NATOs can be easily removed and washed ... either hand wash in the sink with glycerine or castile soap and air dry, or in the clothes washer with gentle detergent. Buy 2-3, and wear on one whilst another dries.  They're cheap,[1] use 'em and abuse 'em.

[1] Except for the fancy pants Maratacs and Zulus and Corvus Real Bonds.


----------



## William_Wilson (May 21, 2007)

Kutusov said:


> I remember when there were tons of Nivas around here, not many now. In fact it's very rare to see one and I believe there isn't a Lada dealership anymore (but they are going to come back pretty soon). I had a friend who bought 2 and the problem was the quality of steel on the bodywork. Porto is just by the sea and it's very damp. The guys lives right in front of the ocean and the cars staid outside. Rust did literally open holes in the bodywork! He gave up on Nivas after the second and got a Range Rover, the model previous to the ones that now exist. Bad move, the car would be spend almost half the time in the dealer to fix consecutive electrical problems. So he was fed up with that one also and bought a Panda 4x4 and it's the car he still drives around. Amazing what those little things can do off road!
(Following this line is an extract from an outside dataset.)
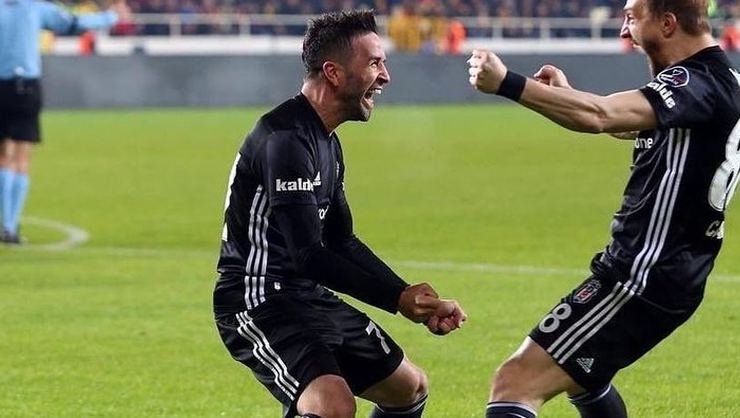<h2>BEŞİKTAŞ İKİ YILDIZINA TEKLİF YAPTI</h2>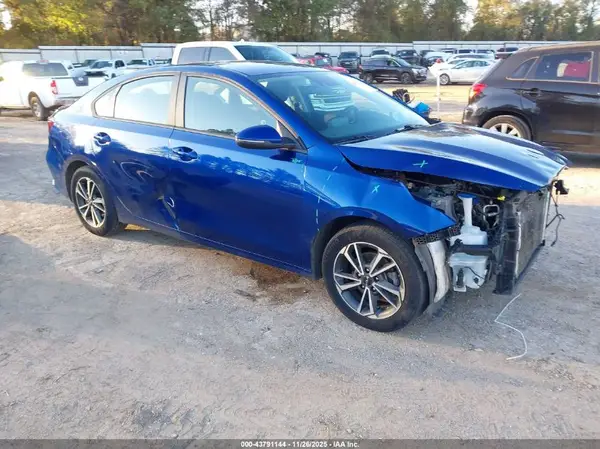 3KPF24AD9NE421310 2022 KIA FORTE - Image 1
A friend I went to trade school with, was the mechanic at a Lada dealership. One day I dropped in to see him while he was doing a pre delivery inspection on a Signet/Riva 2107. Looking in the engine compartment, we found a piece of sandpaper wedged in the rusty inner fender, direct from the factory.:lol: It wasn't uncommon for incomplete vehicles to sit outside while waiting for glass, light assemblies, etc. It's no surprise they were rot boxes.

Later,

William


----------



## William_Wilson (May 21, 2007)

David Spalding said:


> I bought a 22mm semi-cheap band at Target, made in China, but with a nice "pigskin" pattern. I cut it down according to an online tutorial for making notched straps for Seikos, and the 22mm actually fits my watch quite well. I chucked the cheap buckle and put on a generic deployant clasp, from Roy IIRC. Quite the nice look, and the strap was cheap enough to be a "beater."
> 
> 
> 
> ...


Nice job on notching that strap. :thumbsup:

I wore NATO's one summer while working. After a few minutes they'd be soaking wet and rather annoying. Leather bands would start to stink like a skunk's behind after a few weeks. Unfortunately it can hit 100 oF inside the barn. 

Later,

William


----------



## Chromejob (Jul 28, 2006)

William_Wilson said:


> ... I wore NATO's one summer while working. After a few minutes they'd be soaking wet and rather annoying. Leather bands would start to stink like a skunk's behind after a few weeks. Unfortunately it can hit 100 oF inside the barn.
> 
> Later,
> 
> William


You might want to consider a rubber strap then. I like the Seiko style that have textured undersides so you don't have a flat rubber surface against the skin. I wore my Seiko H558 working in temps up to 110Â° (heat index). Very easy to watch and dry, too.


----------